Immobilien klimaintelligent steuern

Digitalisierung und Vernetzung reduzieren die Energieverbräuche in Gebäuden. Die Noventic Group will Vorreiter bei der klimaintelligenten Steuerung von Immobilien sein. Die neufirmierte Unternehmensgruppe stellte sich zeitgleich mit der Branchenmesse Expo Real in München der Öffentlichkeit vor.

09. Oktober 2017

Nach einem rasanten Transformationsprozess seit Beginn des Jahres präsentierte sich die Unternehmensgruppe mit einer Neuaufstellung.

 

„Neue Technologien, die Chancen der Digitalisierung und veränderte gesetzliche Rahmenbedingungen bewegen unseren Markt in einer Geschwindigkeit wie nie zuvor“, so Jan-Christoph Maiwaldt, CEO der Noventic Group.

 

„Durch die Kombination unserer individuellen Stärken unserer Tochterunternehmen und Beteiligungen erreichen wir die Innovationskraft, um schneller zu agieren und Kundenanforderungen individueller zu begegnen.“

 

Unter Führung der Noventic GmbH vereint die Unternehmensgruppe folgende Hersteller und Dienstleister:

 

Qundis als führender internationaler Messgerätehersteller für die Verbrauchserfassung von Wärme und Wasser für Messdienstleister und OEM-Kunden.

Kalo mit seinem Full-Service-Dienstleistungsangebot der Verbrauchsabrechnung von Energie für Wohnungsunternehmen und Verwalter.

Smarvis, führend in digitalen End-to-End-Lösungen für die Selbstabrechnung in der Wohnungswirtschaft.

PPC mit Smart Meter Gateways und Kommunikationssystemen für die Digitalisierung der Energiewende für Energieversorger und Stadtwerke.

Keep Focus als führende spartenübergreifende Immobiliendaten-Plattform und Anwendungspartner für die große Wohnungswirtschaft im Bestand.

Ikw als Vertrags- und Forderungsmanager für die Energie- und Wohnungswirtschaft.

 

„Mit der Bündelung dieses vielfältigen Know-hows gestaltet die Noventic Group aktiv den Wandel des Leistungsangebotes in der Gebäudeversorgung hin zur klimaintelligenten Steuerung von Immobilien“, heißt es in einer Mitteilung.

 

Die Transformation der Noventic Group hat den Angaben zufolge im Wesentlichen drei Treiber:

(1) Die Klimaziele der Bundesregierung sehen in Deutschland bis 2050 einen nahezu klimaneutralen Gebäudebestand vor.

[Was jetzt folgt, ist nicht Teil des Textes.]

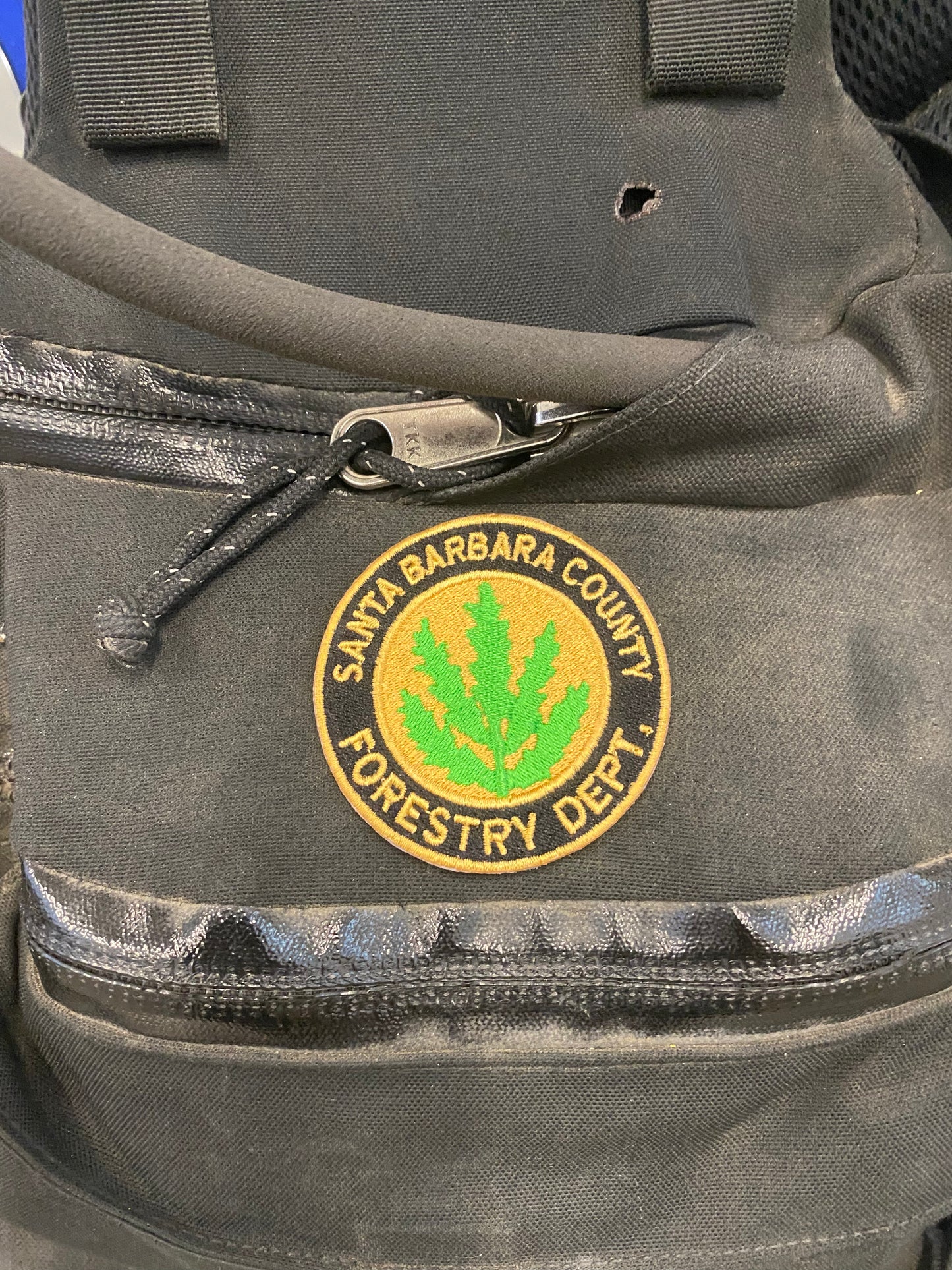 Forestry Department Patch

(2) Die Anforderungen der Immobilienwirtschaft an die Gebäudeversorgung ändern sich, werden komplexer.

(3) Die Digitalisierung ermöglicht neue Anwendungen und Gerätevernetzung über Plattformen, die dabei helfen, Marktanforderungen und Klimaziele wirtschaftlicher zu lösen.

 

Hierdurch können bestehende Infrastrukturen bereits eingebunden werden und für alle Beteiligten Mehrwerte geschaffen werden, heißt es.